The first model will try to find the next word in the sentence “How,” and perhaps it will output a probability of 36% for the word “will,” 32% for the word “are,” 16% for the word “do,” and so on. Note that these are actually conditional probabilities, given that the sentence starts with “How.” The second model will try to complete the sentence “What”; it might output a conditional probability of 50% for the word “are,” and so on. Assuming the vocabulary has 10,000 words, each model will output 10,000 probabilities.
Next, we compute the probabilities of each of the 30,000 two-word sentences that these models considered (3 × 10,000). We do this by multiplying the estimated conditional probability of each word by the estimated probability of the sentence it completes. For example, the estimated probability of the sentence “How” was 75%, while the estimated conditional probability of the word “will” (given that the first word is “How”) was 36%, so the estimated probability of the sentence “How will” is 75% × 36% = 27%. After computing the probabilities of all 30,000 two-word sentences, we keep only the top 3. Perhaps they all start with the word “How”: “How will” (27%), “How are” (24%), and “How do” (12%). Right now, the sentence “How will” is winning, but “How are” has not been eliminated.(Note "What are" has been eliminated since 3% * 50%=1.5%)
Then we repeat the same process: we use three models to predict the next word in each of these three sentences, and we compute the probabilities of all 30,000 three word sentences we considered. Perhaps the top three are now “How are you” (10%), “How do you” (8%), and “How will you” (2%).
At the next step we may get “How do you do” (7%), “How are you <eos>” (6%), and “How are you doing” (3%). Notice that “How will” was eliminated, and we now have three perfectly reasonable translations.
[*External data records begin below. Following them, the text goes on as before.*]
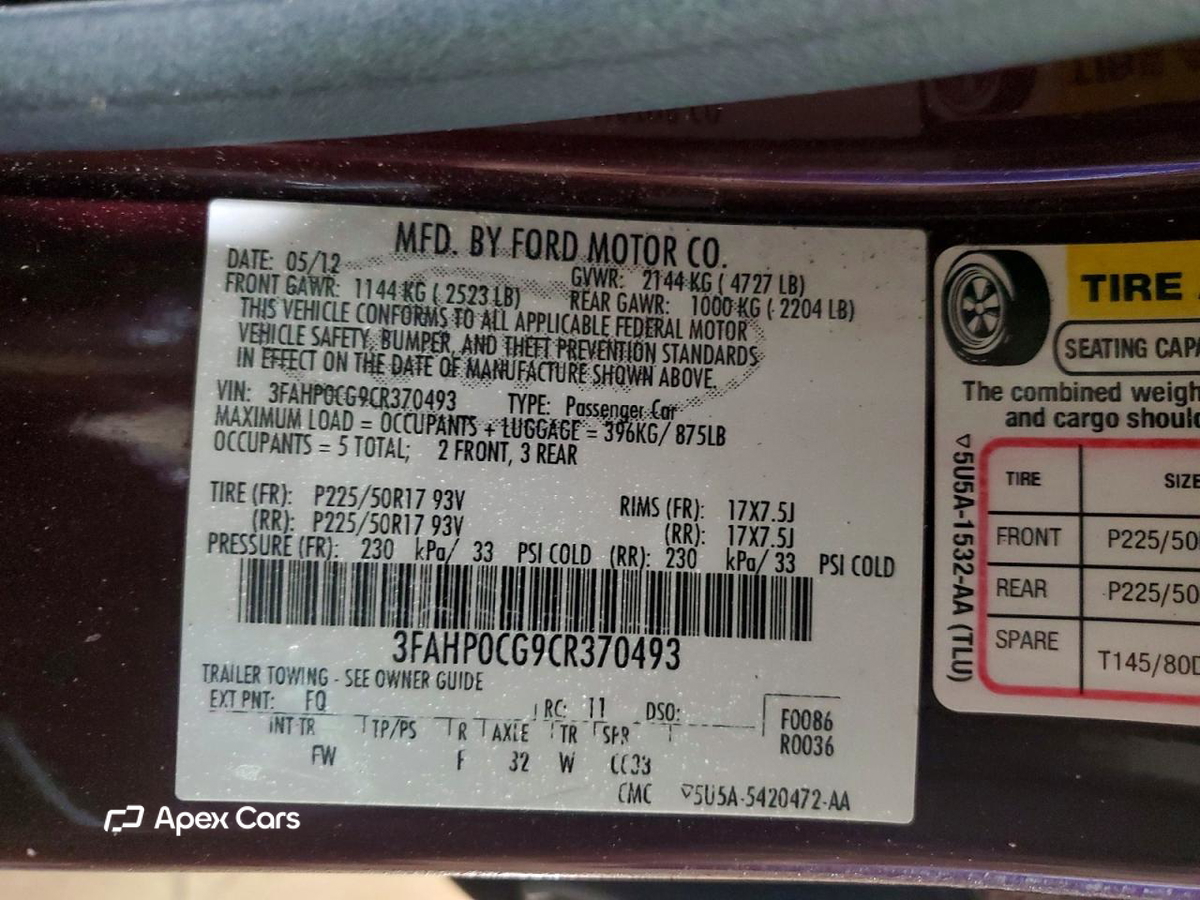 Ford Fusion 2012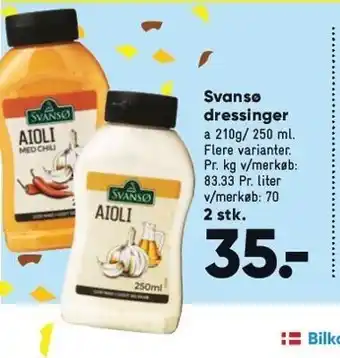Bilka Svansø dressinger tilbud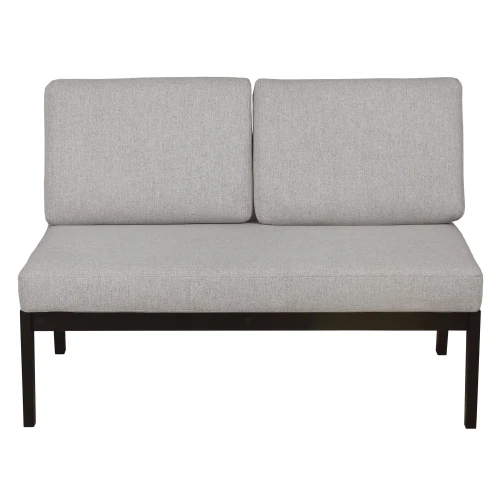 Диван-скамья Массив мягкая ткань серый, каркас венге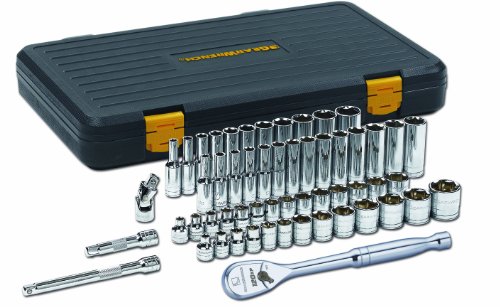 GEARWRENCH56 Pc. 3/8" Drive 6 Pt. 120XP Mechanics Tool Set, Standard & Deep, SAE/Metric - 80550P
We boosted our Encoder–Decoder model’s performance without any extra training, simply by using it more wisely.

You can implement beam search fairly easily using TensorFlow Addons:

beam_width = 10
decoder = tfa.seq2seq.beam_search_decoder.BeamSearchDecoder(
    cell=decoder_cell, beam_width=beam_width, output_layer=output_layer)

decoder_initial_state = tfa.seq2seq.beam_search_decoder.tile_batch(
    encoder_state, multiplier=beam_width)
outputs, _, _ = decoder(
    embedding_decoder, start_tokens=start_tokens, end_token=end_token,
    initial_state=decoder_initial_state)

We first create a BeamSearchDecoder, which wraps all the decoder clones (in this case 10 clones).
Then we create one copy of the encoder’s final state for each decoder clone, and we pass these states to the decoder, along with the start and end tokens.

With all this, you can get good translations for fairly short sentences (especially if you use pretrained word embeddings). Unfortunately, this model will be really bad at translating long sentences. Once again, the problem comes from the limited shortterm memory of RNNs. Attention mechanisms are the game-changing innovation that addressed this problem.